- REQUIRED WORK: Lines from the one with "Let's talk about" up to and including the one with "Coral bleaching happens" are to be copied exactly from the records below, without their pictures.

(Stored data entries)
********************

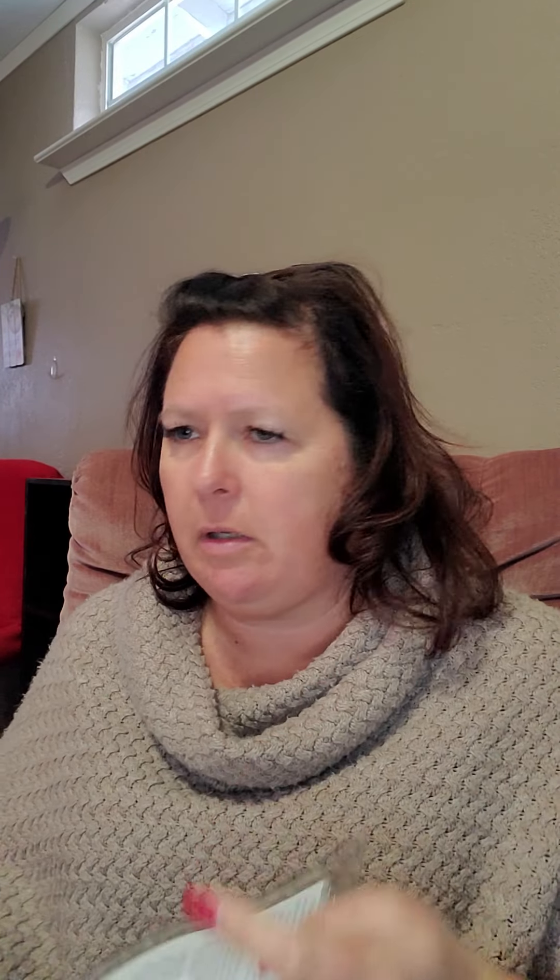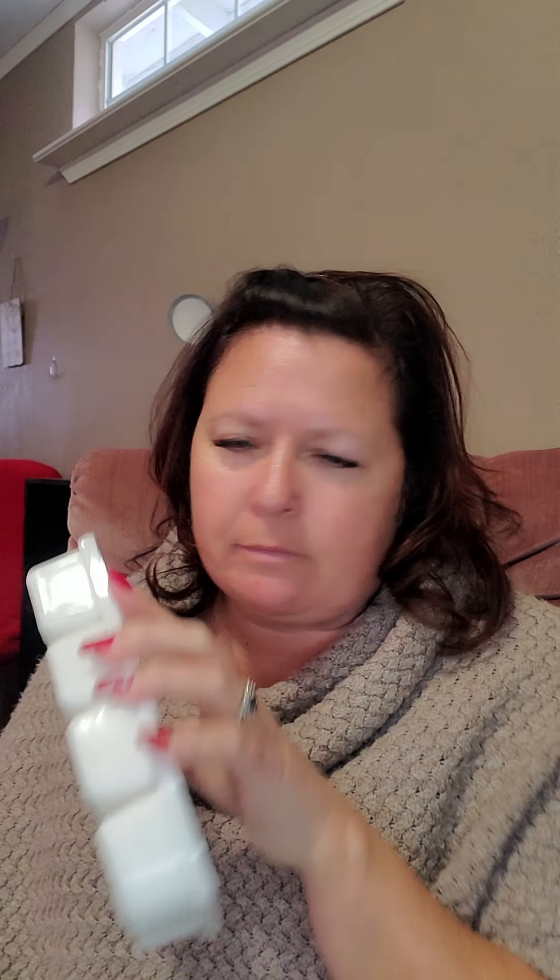I also got a Coconut Lemongrass, which smells super good. It's just that fresh lemon with a little bit of creaminess to it. It's a great one.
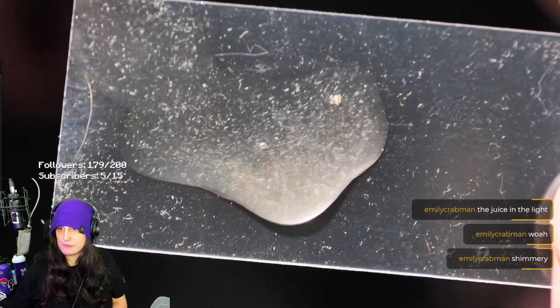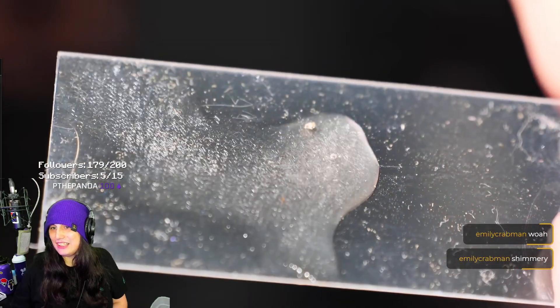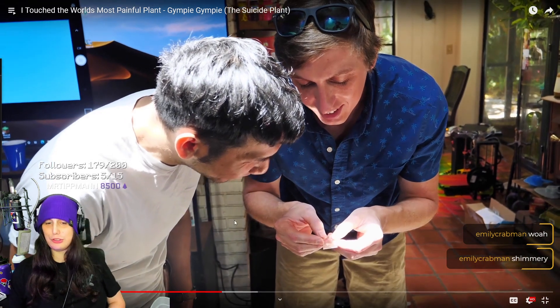I can already see the little needles with my bare eyes. These needles are known as raphides, and they're made from the same compound that kidney stones are made from. It looks almost like there's a liquid full of fiberglass insulation — it literally just looks like it's liquid.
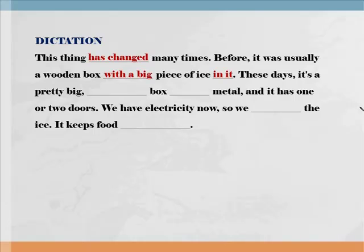These days, it's a pretty big rectangular box made of metal, and it has one or two doors. 요즘에 이것은 상당히 커다란 직사각형의 상자이다. 두 번째 빈칸 다시 한번 들어볼까요? These days, it's a pretty big rectangular box made of metal, and it has one or two doors. Made of, made of, made of입니다.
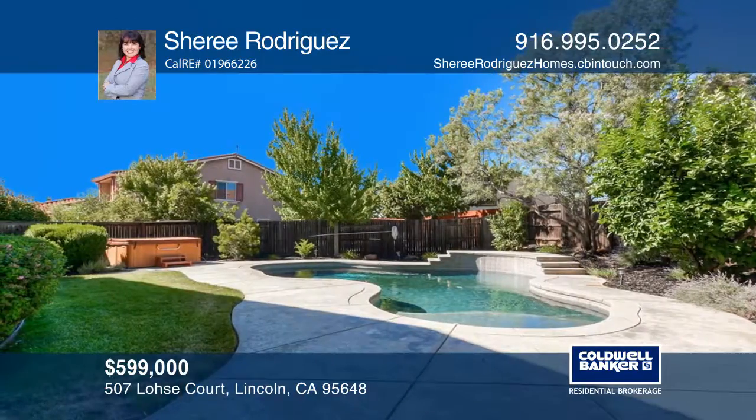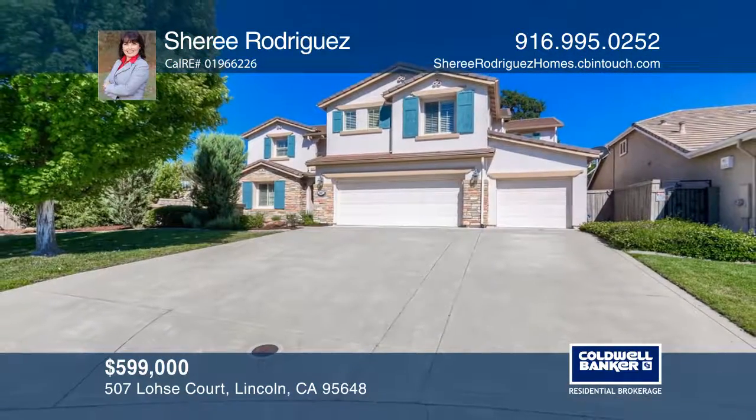Plan a tour with Cherie Rodriguez today. For more information, visit www.foskett.com.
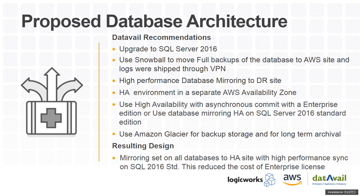For HA, we first considered SQL Server Always On availability groups, but that requires purchasing Enterprise Edition which is very expensive. We collaborated with MAHEC and concluded that SQL Server 2016 Standard Edition with basic database mirroring would suffice. The resulting design was high-performance database mirroring on all databases, propagating data from one AZ to another — which also significantly reduced Enterprise licensing costs.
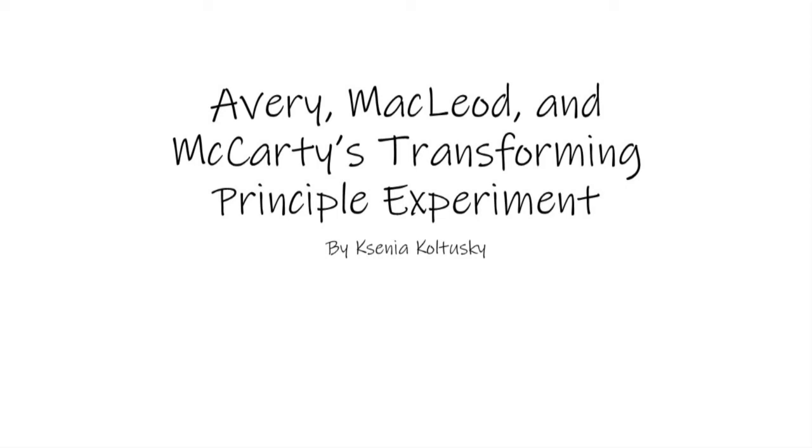Let's talk about Avery, MacLeod, and McCarty's Transforming Principle experiment. This experiment delved a bit deeper into Griffith's original Transforming Principle idea. Frederick Griffith set the ball rolling in 1928 when he figured out that there was something that allows one thing to transfer its genetic material to another.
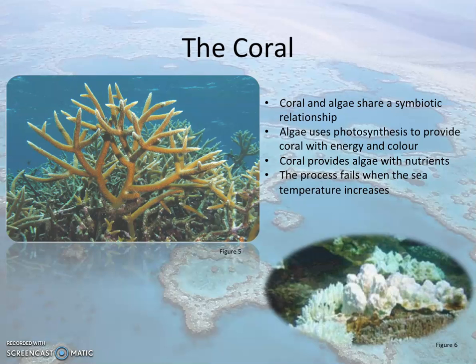Coral bleaching happens when the symbiotic relationship between the algae and coral breaks down. The algae, called zooxanthellae, lives within the coral and provides the coral with energy and colour through photosynthesis. In return, the coral provides protection and nutrients. However, when the sea temperature fluctuates, it causes photosynthesis to work in overdrive and creates compounds that are toxic to coral. As a defence mechanism, the coral expels the algae to protect itself, resulting in the coral turning white.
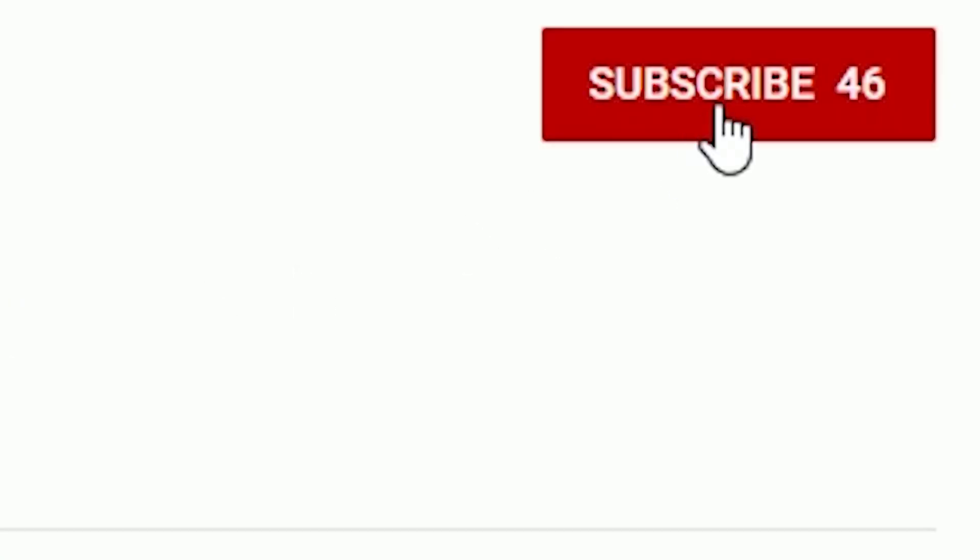If you find this video useful, make sure to give it a thumbs up and hit that subscribe button for more. Join the fan bam where we love to talk about tech and PC stuff. Let's get straight to it.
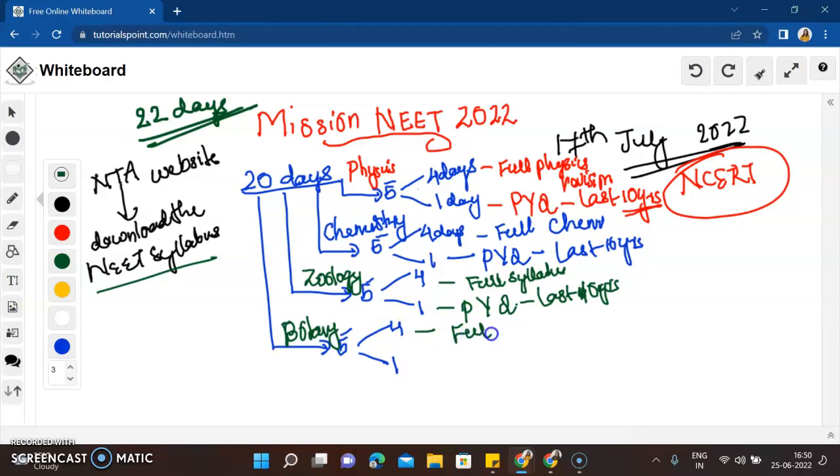You will follow the same pattern for Botany: full syllabus revision for the first four days, and the last one day you will answer previous year NEET question papers from 10 years — only Botany questions. By now, your full syllabus revision is done. Four days are more than enough to revise all topics, and your 10-year previous year question paper practice is also complete.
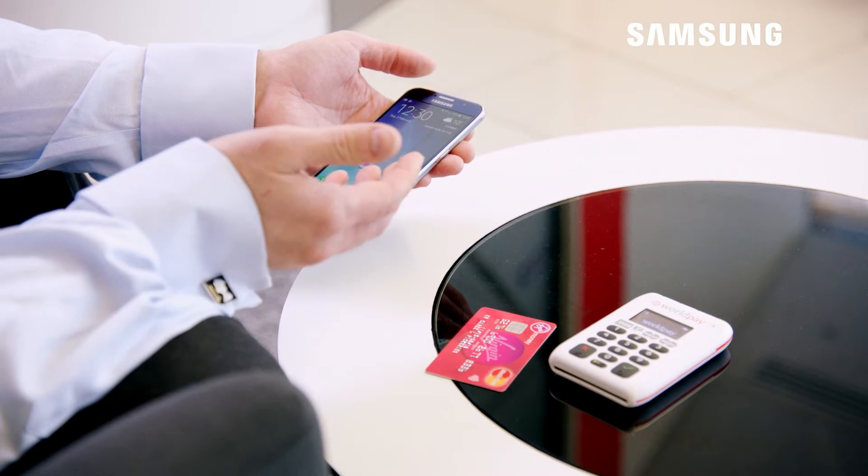Samsung provided us with a software development kit that we were able to incorporate directly into a mobile payment application. This application allows us to create a mobile point of sale, so it has all the features you would have in a traditional desktop point of sale, but in this case it's all working directly from the Samsung Galaxy S6.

********************

- EXERCISE RESPONSE:
Let's talk about Avery, MacLeod, and McCarty's Transforming Principle experiment. This experiment delved a bit deeper into Griffith's original Transforming Principle idea. Frederick Griffith set the ball rolling in 1928 when he figured out that there was something that allows one thing to transfer its genetic material to another.
Coral bleaching happens when the symbiotic relationship between the algae and coral breaks down. The algae, called zooxanthellae, lives within the coral and provides the coral with energy and colour through photosynthesis. In return, the coral provides protection and nutrients. However, when the sea temperature fluctuates, it causes photosynthesis to work in overdrive and creates compounds that are toxic to coral. As a defence mechanism, the coral expels the algae to protect itself, resulting in the coral turning white.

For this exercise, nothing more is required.